Review: “Lifetime” is an American
cable broadcasting station that specializes in made
for TV dramas and reruns of female oriented sitcoms.
In fact, Lifetime’s major demographic would
appear to be limited almost solely to that of bored
house wives whose repetitive, lack-luster existences
have left them longing for a temporary escape from
the mundane trappings of domesticated life.
Over time, I have done my best to avoid this so
called “entertainment for women” when
at all possible, but coming from a family where the
women often out number the men, I have unfortunately
seen more than my fair share of “Golden Girls”
reruns and “Designing Women” holiday specials.
I had assumed that our neighbors to the East had not
been plagued with such a nauseating waste of cable,
but after seeing “301, 302” I cannot help
but believe that South Korea has sprouted its own
alternative to this western tinged, estrogen soaked
fiasco.
“301, 302” must have been one of those
made for TV movie scripts that was a bit to risqué
for the audiences of the west. It has all of the elements
that typically make those Lifetime movies what they
are. You’ve got two, bitter, single women, each
with a troubled past, who eventually form a bond,
despite their differences. There is also flashbacks
aplenty, showing us just where their emotional baggage
derives. This one, though, packs something a little
different with the additional angle of the mysterious
disappearance of one of the women. While I can really
only assume this, I would be willing to wager that
in the history of Lifetime Originals, one never had
a plot that dealt with habitual vomiting, frozen children,
and doggie soufflé. Well, at least not all
at once.
Plot points aside, this film has more condemning
it than just the fact that members of the masculine
persuasion most likely wont relate. There is also
the incredibly poor pacing of the film. After the
opening establishes our main heroines, we spend an
unnecessarily long amount of time dealing with each
character’s past. Something that would usually
be totally acceptable, if not expected in this type
of film, but this time around, the sequences tend
to maintain an out of place, dreamy, flashback-like
atmosphere, which borders on becoming disorienting
more than once through the course of the film.

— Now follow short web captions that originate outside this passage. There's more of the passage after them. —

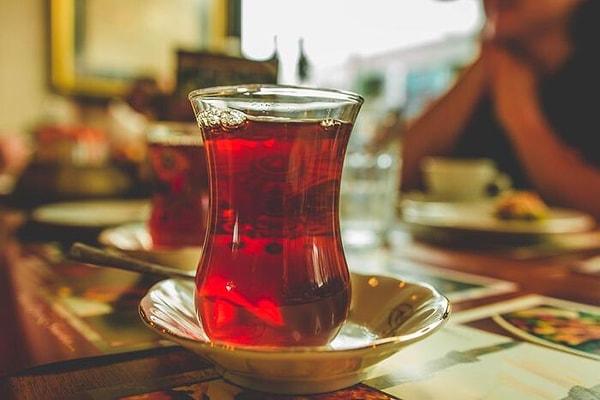 4. Rüyada Soğuk Çay İçmek Ne Anlama Gelir?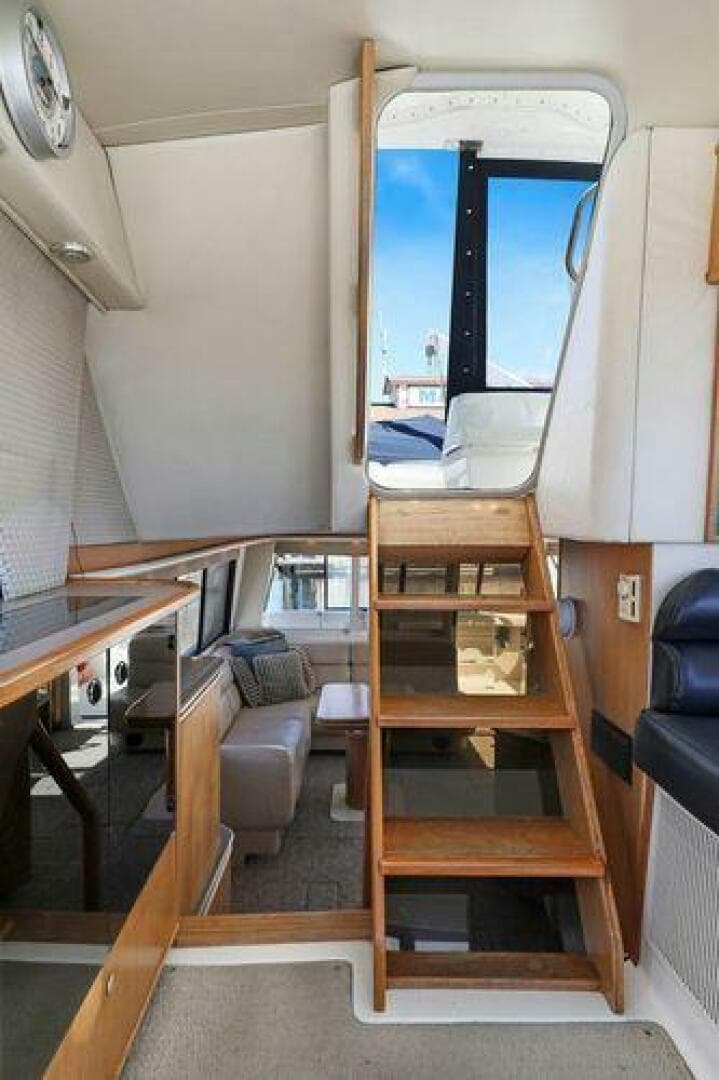 1998 Bayliner 4788 — photo 22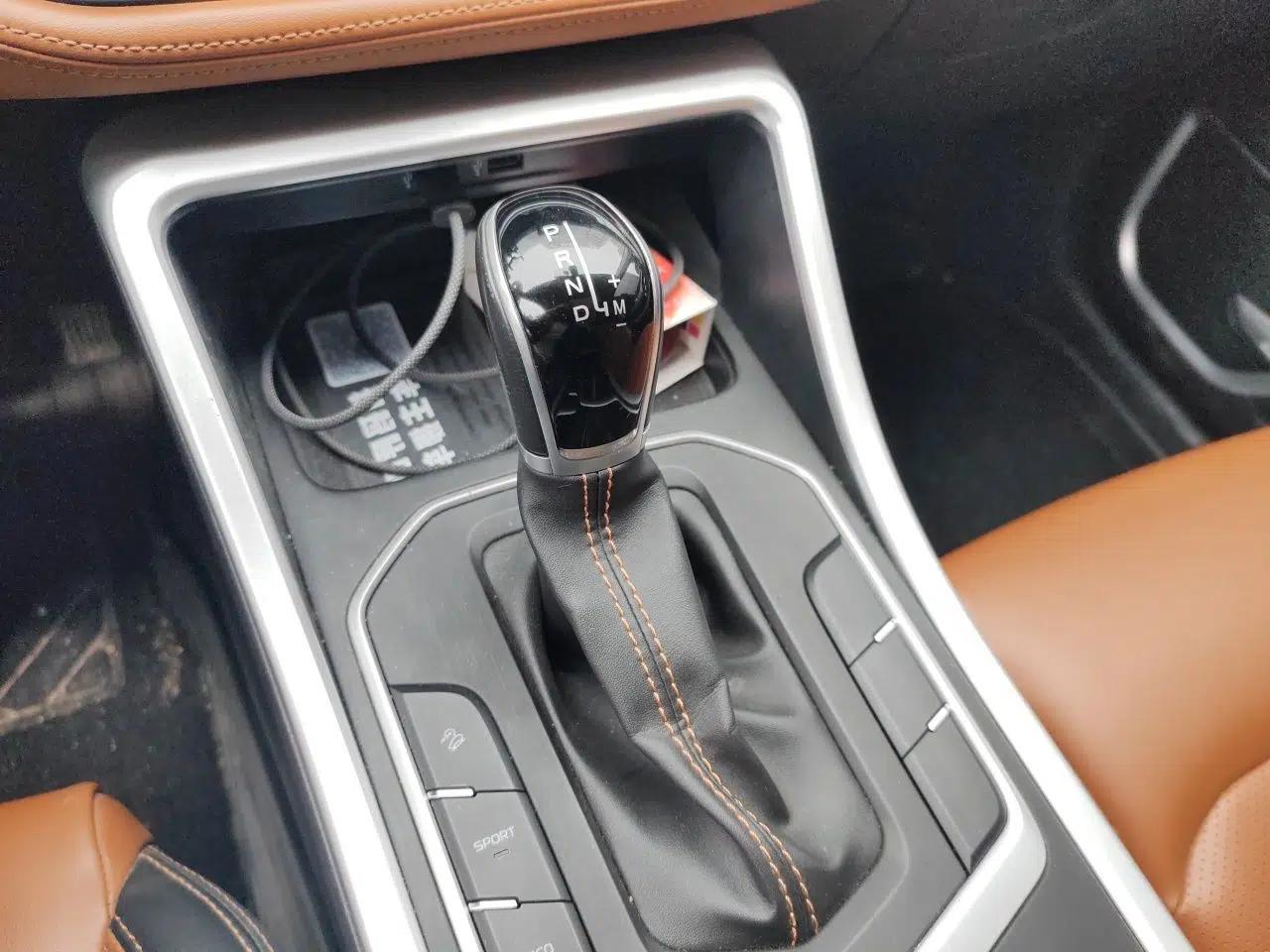 Geely Auto Vision X6 2020 1.4T CVT Asian Games Edition — миниатюра 15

Through my experiences with Korean cinema, I have
found that even if a film is bad in terms of plot,
it at least tends to have an aesthetically appealing
look. Unfortunately, “301, 302” was made
in 1995, a time before the wonderful era that we have
all come to associate with when thinking of the Korean
cinema boom. Shot in full screen (or perhaps only
converted to such for the release of the DVD), the
visual appearance of this film only adds to the cheap,
made for TV look of the production. Don’t even
get me started on the fact that the DVD’s transfer
is unmistakably an unaltered VHS copy.
All in all, “301, 302” doesn’t
come across as being much better than a cheap, disposable,
Hong Kong drama. Granted, there is a little more thought
put into it, and it does possess a certain something
that makes it undeniably Korean, but ultimately, it’s
just as forgettable as the countless other DVDs you
might have blindly bought that are now sitting in
that graveyard you call a shelf. Please, for the love
of space, don’t add this title to their ranks.